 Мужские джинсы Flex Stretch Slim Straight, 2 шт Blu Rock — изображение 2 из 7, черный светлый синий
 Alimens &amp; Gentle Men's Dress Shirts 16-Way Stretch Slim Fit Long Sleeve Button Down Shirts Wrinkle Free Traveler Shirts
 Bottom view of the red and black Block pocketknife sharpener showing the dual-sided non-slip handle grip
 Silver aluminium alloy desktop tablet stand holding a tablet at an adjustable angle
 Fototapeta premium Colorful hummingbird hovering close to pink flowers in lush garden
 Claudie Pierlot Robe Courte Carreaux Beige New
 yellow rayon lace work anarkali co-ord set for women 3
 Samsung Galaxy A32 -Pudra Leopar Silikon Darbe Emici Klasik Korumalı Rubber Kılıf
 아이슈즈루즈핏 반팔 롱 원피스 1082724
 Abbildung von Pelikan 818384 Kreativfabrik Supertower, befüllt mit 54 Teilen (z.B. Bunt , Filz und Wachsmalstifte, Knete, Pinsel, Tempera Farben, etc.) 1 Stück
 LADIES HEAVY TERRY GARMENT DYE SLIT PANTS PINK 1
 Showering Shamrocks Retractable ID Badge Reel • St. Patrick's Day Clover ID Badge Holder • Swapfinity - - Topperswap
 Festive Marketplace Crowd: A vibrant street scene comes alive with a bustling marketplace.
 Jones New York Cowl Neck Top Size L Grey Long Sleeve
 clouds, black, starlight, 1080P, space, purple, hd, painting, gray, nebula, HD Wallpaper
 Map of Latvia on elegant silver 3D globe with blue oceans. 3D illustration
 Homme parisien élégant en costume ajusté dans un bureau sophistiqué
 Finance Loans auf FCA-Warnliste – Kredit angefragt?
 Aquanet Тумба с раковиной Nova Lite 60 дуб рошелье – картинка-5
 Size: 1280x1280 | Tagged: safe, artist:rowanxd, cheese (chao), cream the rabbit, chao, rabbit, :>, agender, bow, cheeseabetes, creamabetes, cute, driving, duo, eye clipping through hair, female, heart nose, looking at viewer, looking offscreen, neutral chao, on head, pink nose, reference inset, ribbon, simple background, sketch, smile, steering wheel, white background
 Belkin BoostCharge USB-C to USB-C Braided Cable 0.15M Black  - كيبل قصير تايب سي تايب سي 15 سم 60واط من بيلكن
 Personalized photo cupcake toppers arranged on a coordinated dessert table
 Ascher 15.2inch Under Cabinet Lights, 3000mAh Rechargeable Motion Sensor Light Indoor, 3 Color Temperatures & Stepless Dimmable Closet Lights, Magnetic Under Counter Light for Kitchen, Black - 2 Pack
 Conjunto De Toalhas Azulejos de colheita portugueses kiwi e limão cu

━━━━━━━━━━

#### [TASK DETAILS]
The material is to be given again in full and without variation.

#### [EXERCISE RESULT]
 Мужские джинсы Flex Stretch Slim Straight, 2 шт Blu Rock — изображение 2 из 7, черный светлый синий
 Alimens &amp; Gentle Men's Dress Shirts 16-Way Stretch Slim Fit Long Sleeve Button Down Shirts Wrinkle Free Traveler Shirts
 Bottom view of the red and black Block pocketknife sharpener showing the dual-sided non-slip handle grip
 Silver aluminium alloy desktop tablet stand holding a tablet at an adjustable angle
 Fototapeta premium Colorful hummingbird hovering close to pink flowers in lush garden
 Claudie Pierlot Robe Courte Carreaux Beige New
 yellow rayon lace work anarkali co-ord set for women 3
 Samsung Galaxy A32 -Pudra Leopar Silikon Darbe Emici Klasik Korumalı Rubber Kılıf
 아이슈즈루즈핏 반팔 롱 원피스 1082724
 Abbildung von Pelikan 818384 Kreativfabrik Supertower, befüllt mit 54 Teilen (z.B. Bunt , Filz und Wachsmalstifte, Knete, Pinsel, Tempera Farben, etc.) 1 Stück
 LADIES HEAVY TERRY GARMENT DYE SLIT PANTS PINK 1
 Showering Shamrocks Retractable ID Badge Reel • St. Patrick's Day Clover ID Badge Holder • Swapfinity - - Topperswap
 Festive Marketplace Crowd: A vibrant street scene comes alive with a bustling marketplace.
 Jones New York Cowl Neck Top Size L Grey Long Sleeve
 clouds, black, starlight, 1080P, space, purple, hd, painting, gray, nebula, HD Wallpaper
 Map of Latvia on elegant silver 3D globe with blue oceans. 3D illustration
 Homme parisien élégant en costume ajusté dans un bureau sophistiqué
 Finance Loans auf FCA-Warnliste – Kredit angefragt?
 Aquanet Тумба с раковиной Nova Lite 60 дуб рошелье – картинка-5
 Size: 1280x1280 | Tagged: safe, artist:rowanxd, cheese (chao), cream the rabbit, chao, rabbit, :>, agender, bow, cheeseabetes, creamabetes, cute, driving, duo, eye clipping through hair, female, heart nose, looking at viewer, looking offscreen, neutral chao, on head, pink nose, reference inset, ribbon, simple background, sketch, smile, steering wheel, white background
 Belkin BoostCharge USB-C to USB-C Braided Cable 0.15M Black  - كيبل قصير تايب سي تايب سي 15 سم 60واط من بيلكن
 Personalized photo cupcake toppers arranged on a coordinated dessert table
 Ascher 15.2inch Under Cabinet Lights, 3000mAh Rechargeable Motion Sensor Light Indoor, 3 Color Temperatures & Stepless Dimmable Closet Lights, Magnetic Under Counter Light for Kitchen, Black - 2 Pack
 Conjunto De Toalhas Azulejos de colheita portugueses kiwi e limão cu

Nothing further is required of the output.